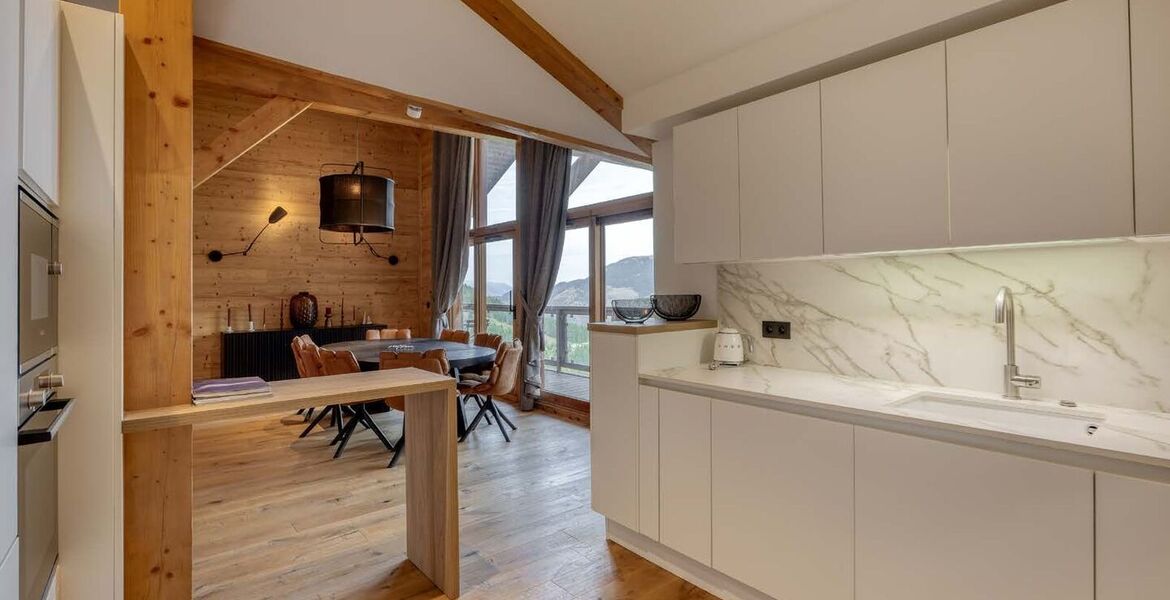 Elegant Apartment with Panoramic Views in Courchevel 1650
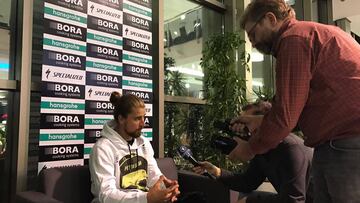 Peter Sagan atiende a los medios en la concentraci&oacute;n del equipo Bora-Hansgrohe en Gand&iacute;a.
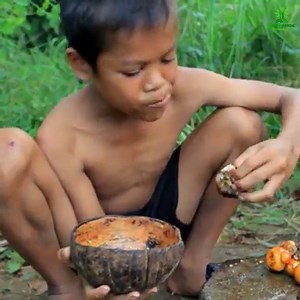 777K views · 6K reactions | Food in Jungle Cook and Eat Delicious Chicken Eggs for Survival - Jungle Foodie If you our cooking recipe, please help follow our page, thanks in advance. | Junglefoodie | Facebook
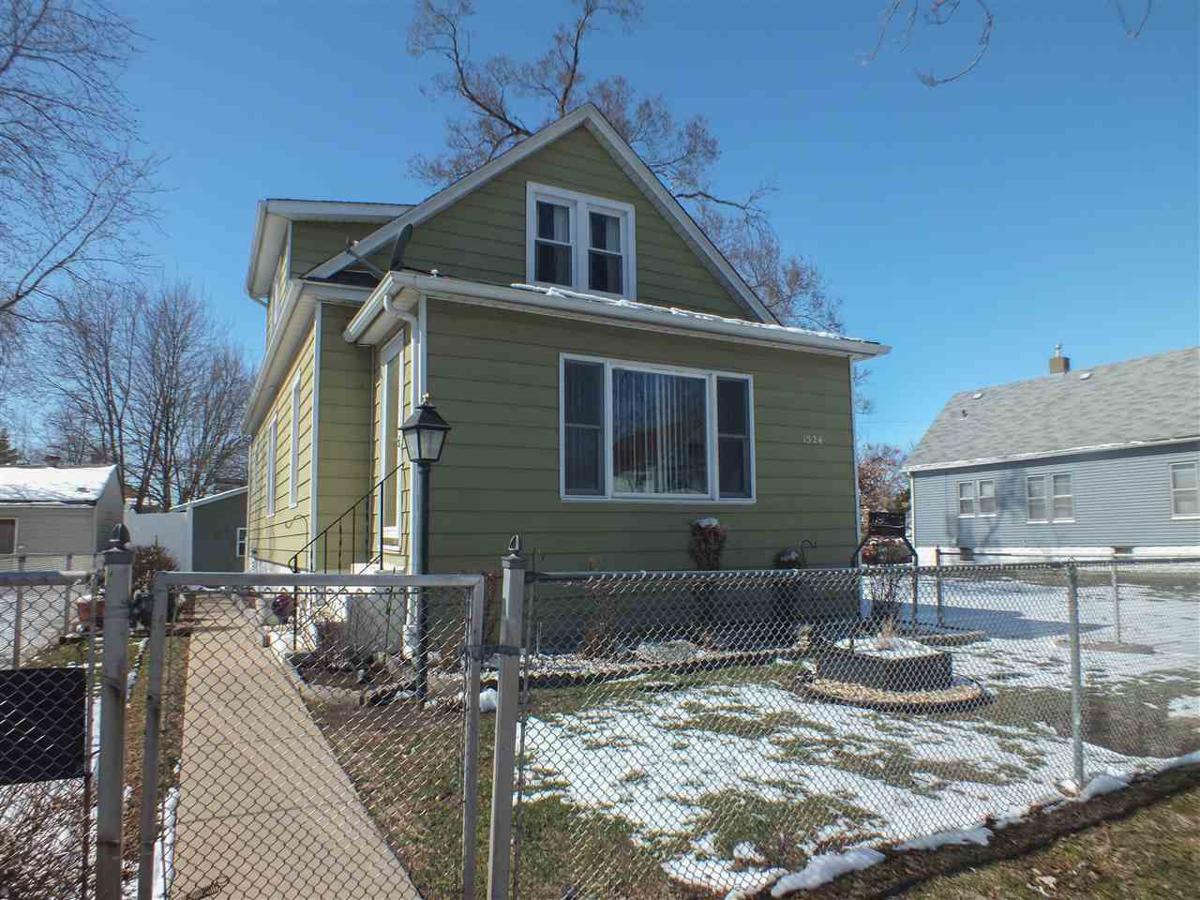 3 Bedroom Home in Rock Island - $48,000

============

• [TASK INSTRUCTIONS]: When you find the line that contains "Peter Sagan atiende", retype it and every line after it through the end of the data above, exactly, with no pictures.

• [YOUR RESPONSE]:
 Peter Sagan atiende a los medios en la concentraci&oacute;n del equipo Bora-Hansgrohe en Gand&iacute;a.
 777K views · 6K reactions | Food in Jungle Cook and Eat Delicious Chicken Eggs for Survival - Jungle Foodie If you our cooking recipe, please help follow our page, thanks in advance. | Junglefoodie | Facebook
 3 Bedroom Home in Rock Island - $48,000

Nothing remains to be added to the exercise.